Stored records
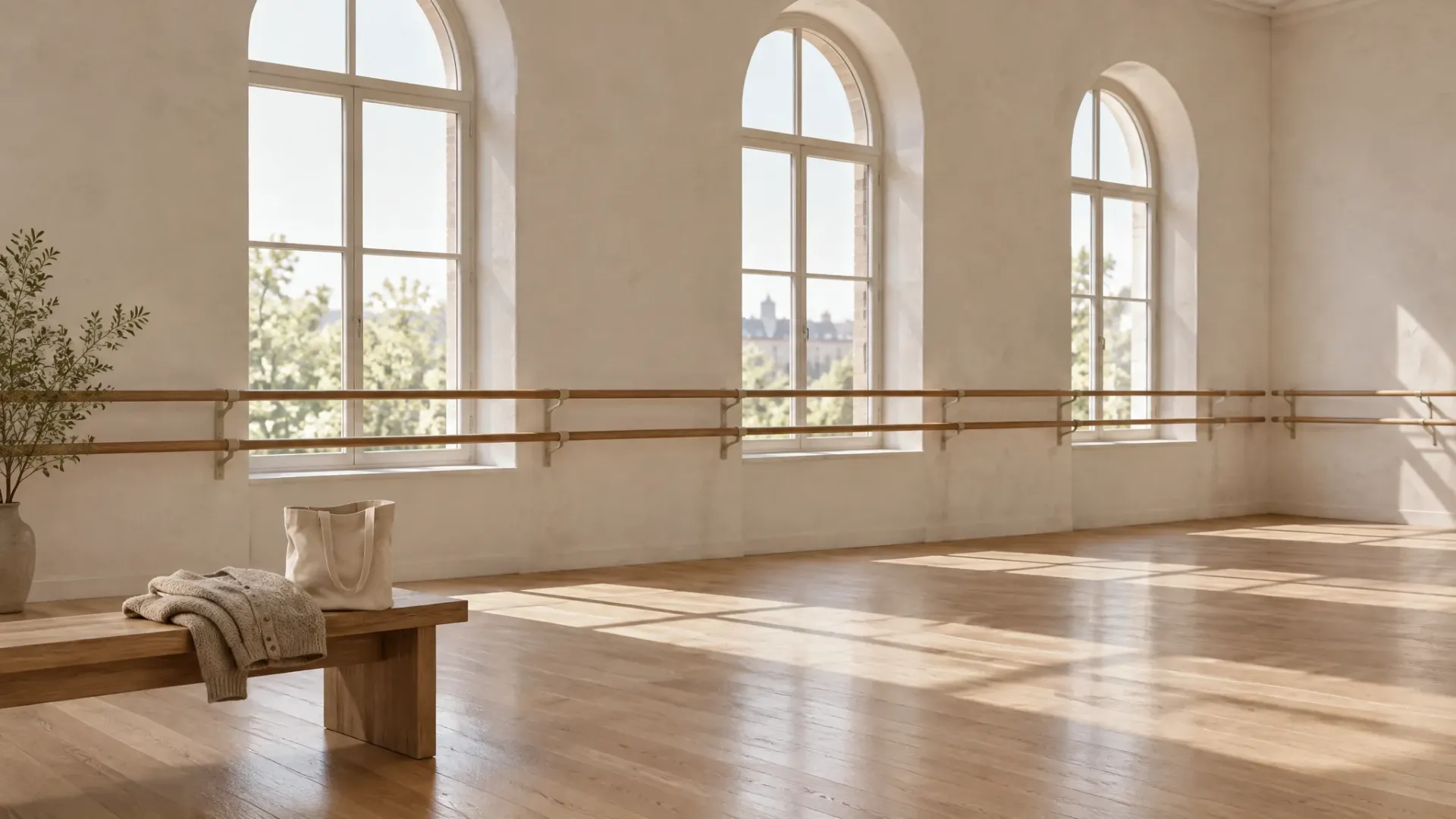 An empty sunlit dance studio with a wooden barre and tall arched windows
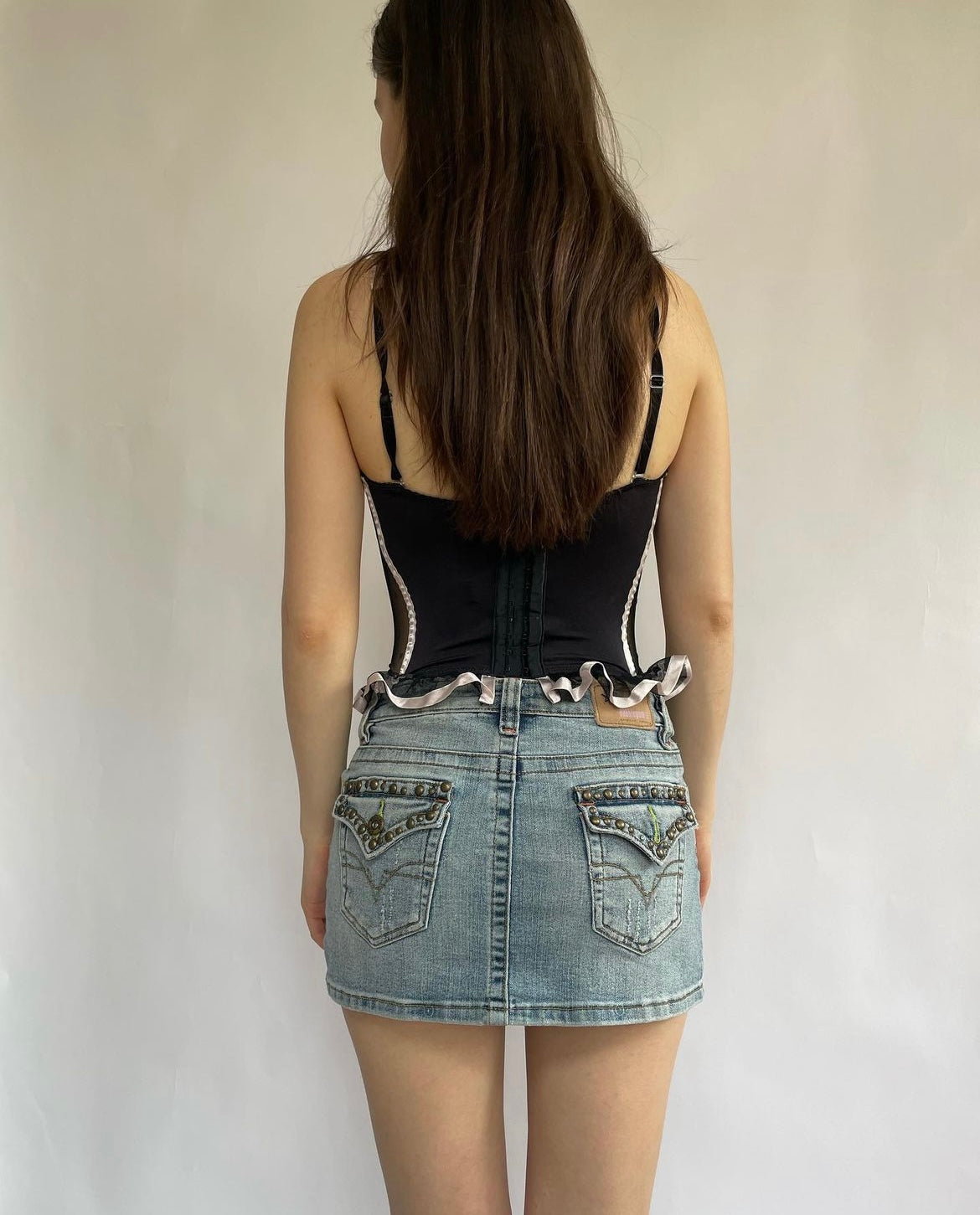 Y2K ruffle bustier top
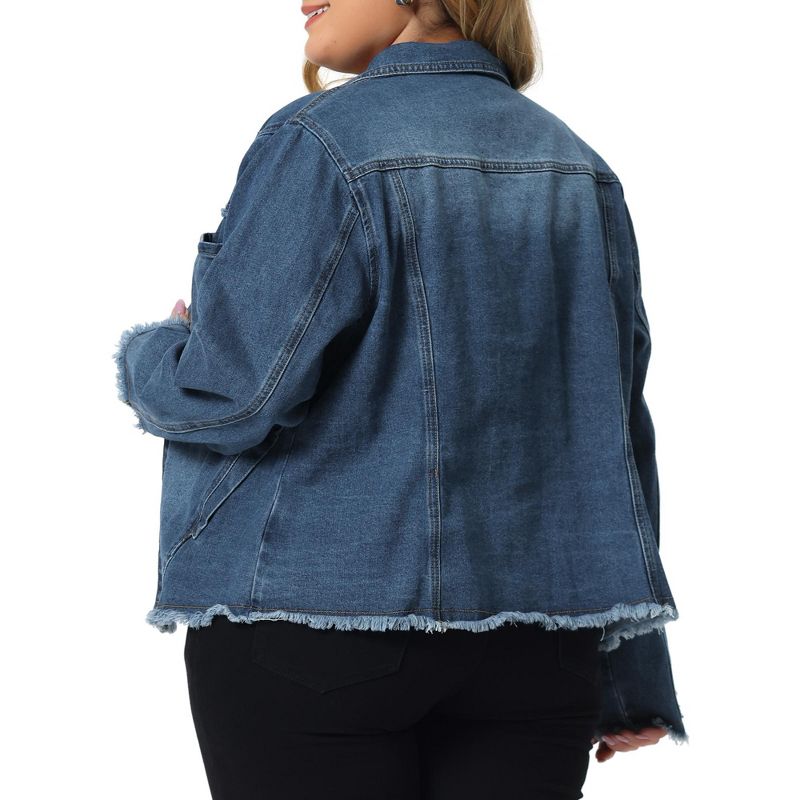 Agnes Orinda Women's Plus Size Button Up Frayed Hem Long Sleeve Casual Jean Jackets, 4 of 6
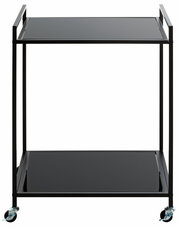 Moderner Beistellwagen mit zwei schwarzen Ablageflächen und Rollen, frontal betrachtet.
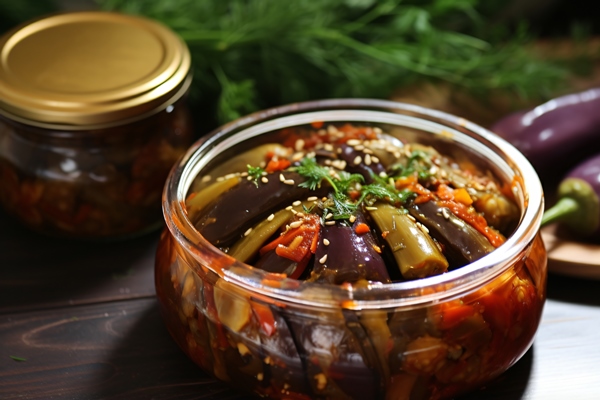 pickled eggplant maqdous with pickles - Хе из баклажанов и капусты на зиму (без стерилизации)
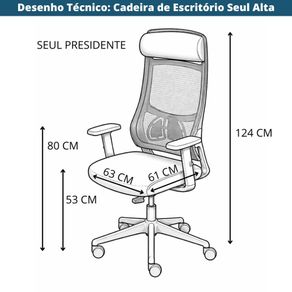 Desenho Tecnico Cadeira de Escritorio Supremo Baixa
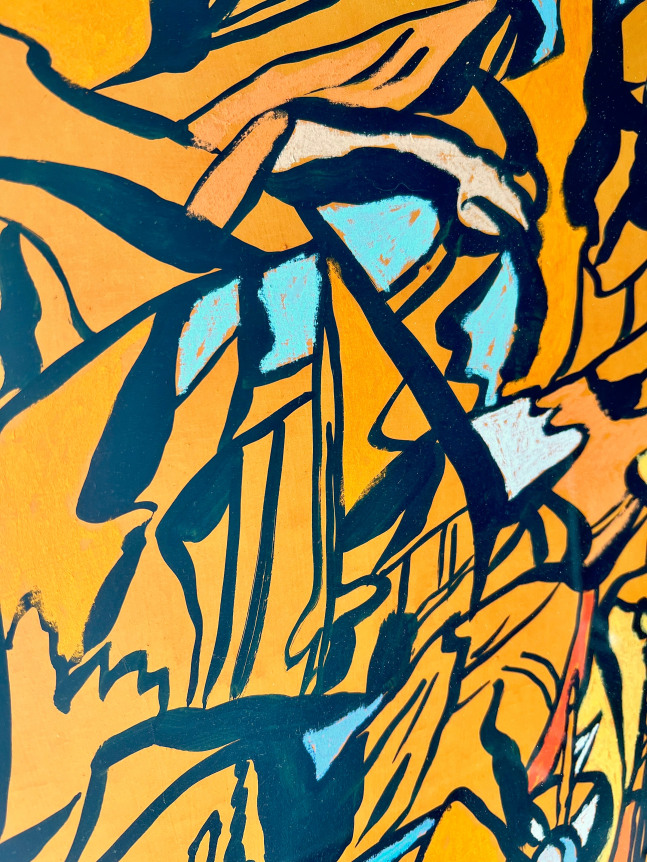 Detail image of orange acrylic and pastel abstraction by Fred Martin.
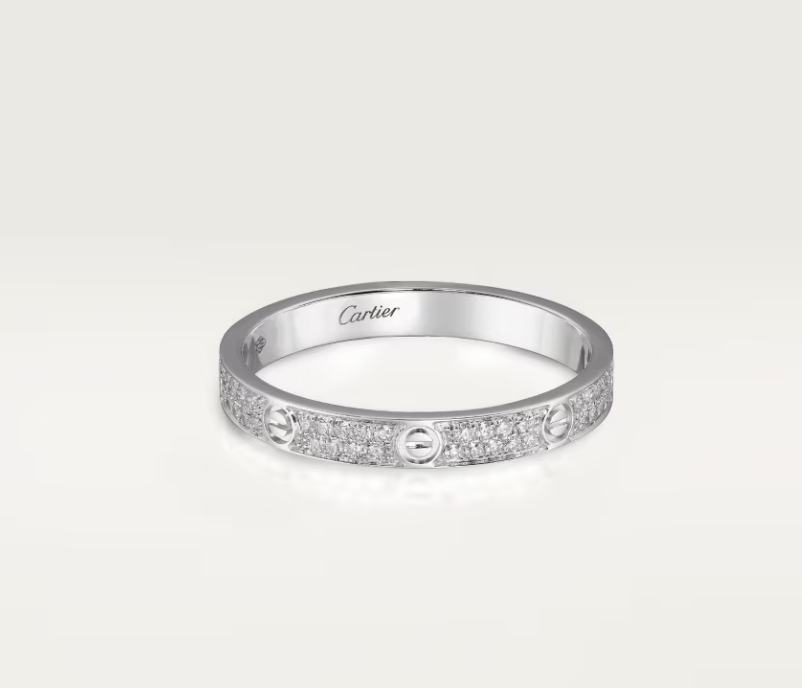 [Glow Jewelry]LOVE RING 2.6mm-wide full-diamond ring silver
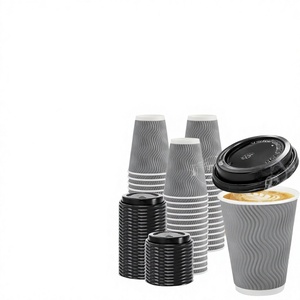 Whaline 100 Count Sage Green Disposable Insulated Hot Paper Coffee <b>Cups</b> with Lids 12oz for Home Office <b>Party</b> Use - Product Image 2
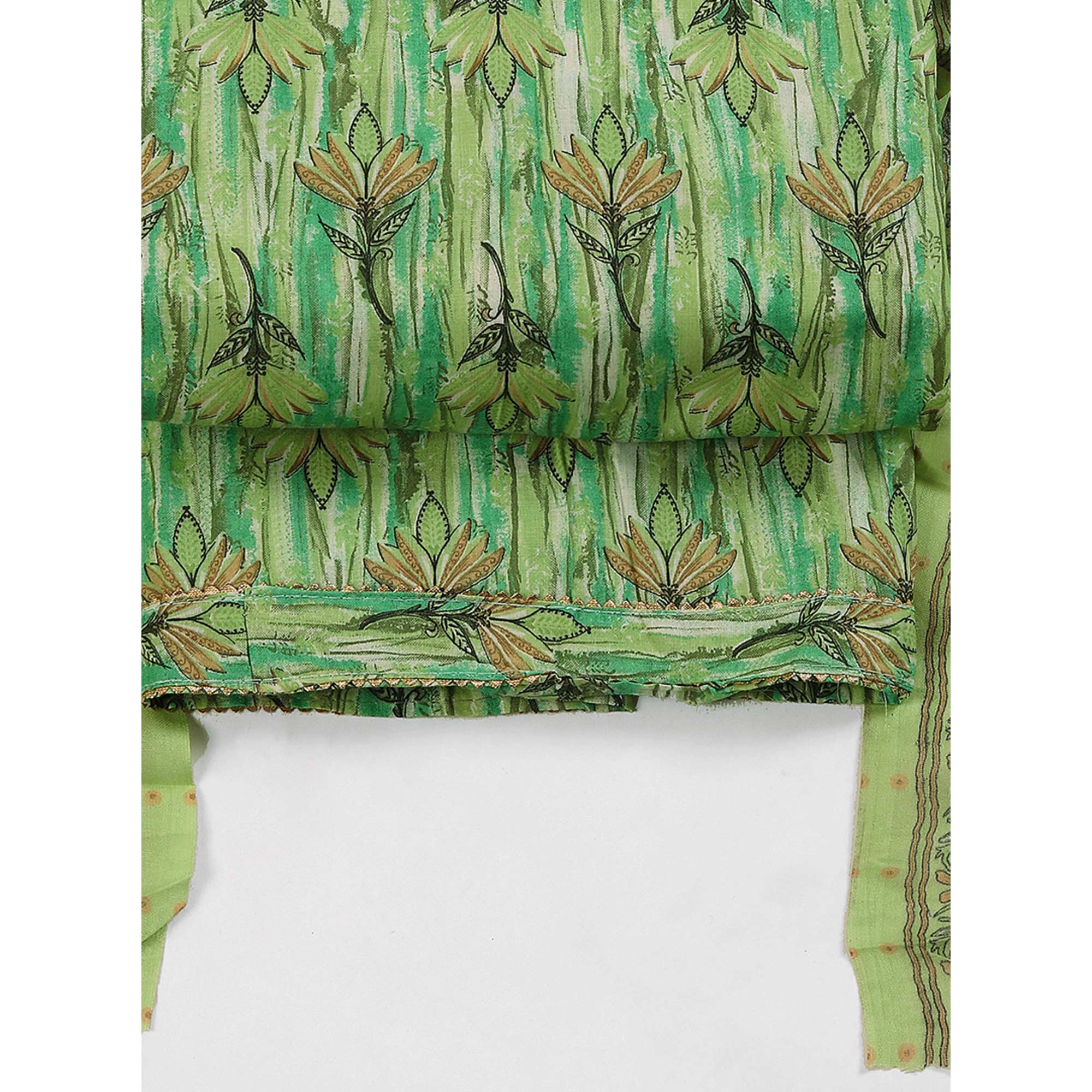 Green Pure Cotton Ensemble with All-Over Floral Motif Designs Dress Material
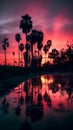 Palm trees silhouette. Clump of palms at sunset in the tropics Royalty Free Stock Photo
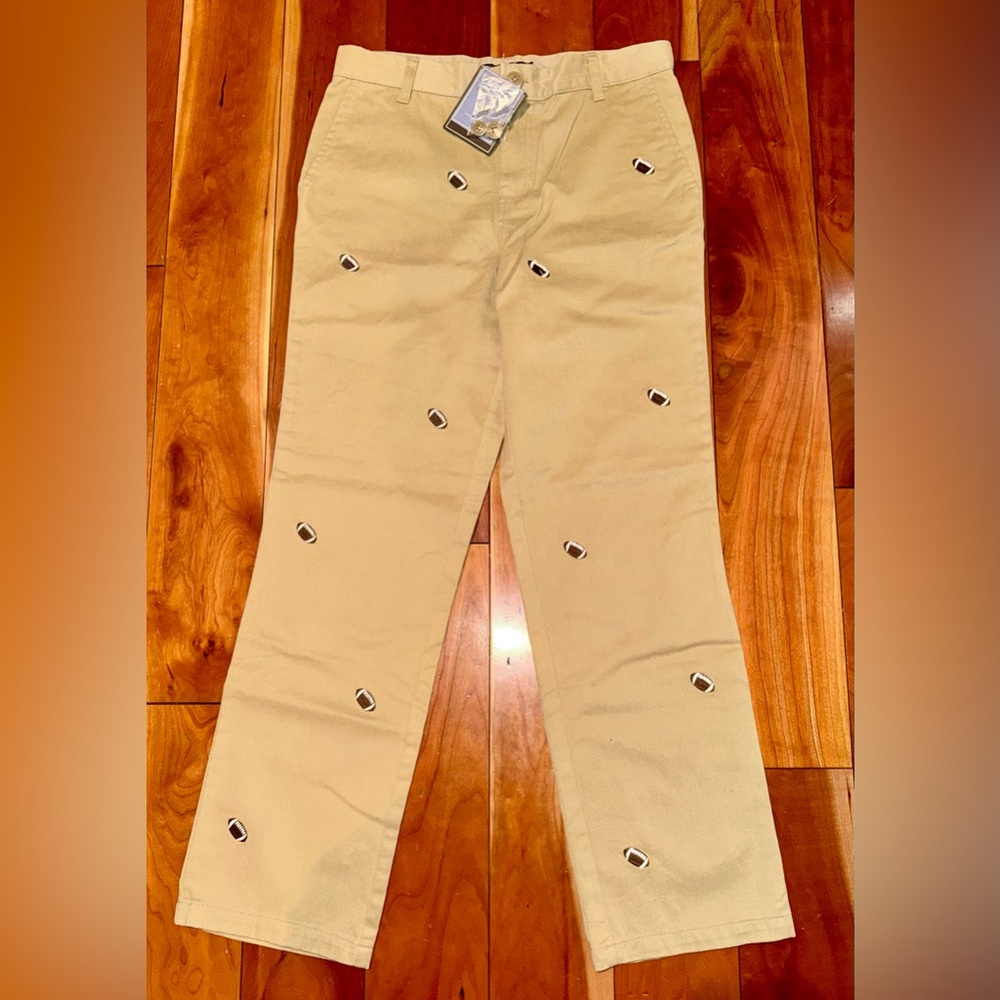 NWT Kids Embroidered Football Khaki Straight-Leg Bottoms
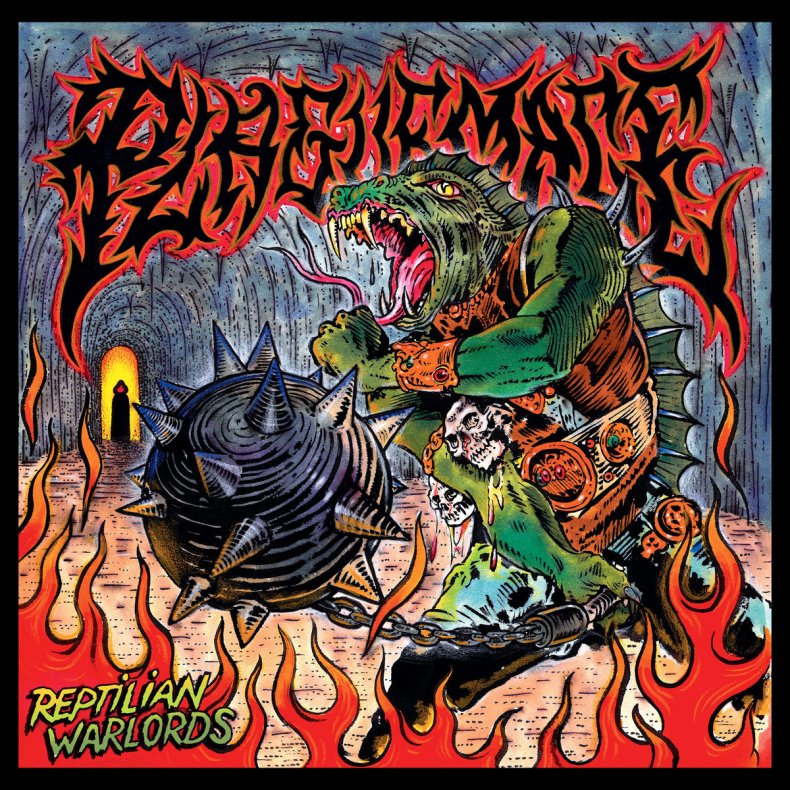Reptilian Warlords - 2023 European Napalm Records label Green vinyl 10-track LP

- _WHAT YOU NEED TO DO_:
An exact copy of the entries, without any pictures, is what the answer should be.

- _RESPONSE TO THE TASK_:
 An empty sunlit dance studio with a wooden barre and tall arched windows
 Y2K ruffle bustier top
 Agnes Orinda Women's Plus Size Button Up Frayed Hem Long Sleeve Casual Jean Jackets, 4 of 6
 Moderner Beistellwagen mit zwei schwarzen Ablageflächen und Rollen, frontal betrachtet.
 pickled eggplant maqdous with pickles - Хе из баклажанов и капусты на зиму (без стерилизации)
 Desenho Tecnico Cadeira de Escritorio Supremo Baixa
 Detail image of orange acrylic and pastel abstraction by Fred Martin.
 [Glow Jewelry]LOVE RING 2.6mm-wide full-diamond ring silver
 Whaline 100 Count Sage Green Disposable Insulated Hot Paper Coffee <b>Cups</b> with Lids 12oz for Home Office <b>Party</b> Use - Product Image 2
 Green Pure Cotton Ensemble with All-Over Floral Motif Designs Dress Material
 Palm trees silhouette. Clump of palms at sunset in the tropics Royalty Free Stock Photo
 NWT Kids Embroidered Football Khaki Straight-Leg Bottoms
Reptilian Warlords - 2023 European Napalm Records label Green vinyl 10-track LP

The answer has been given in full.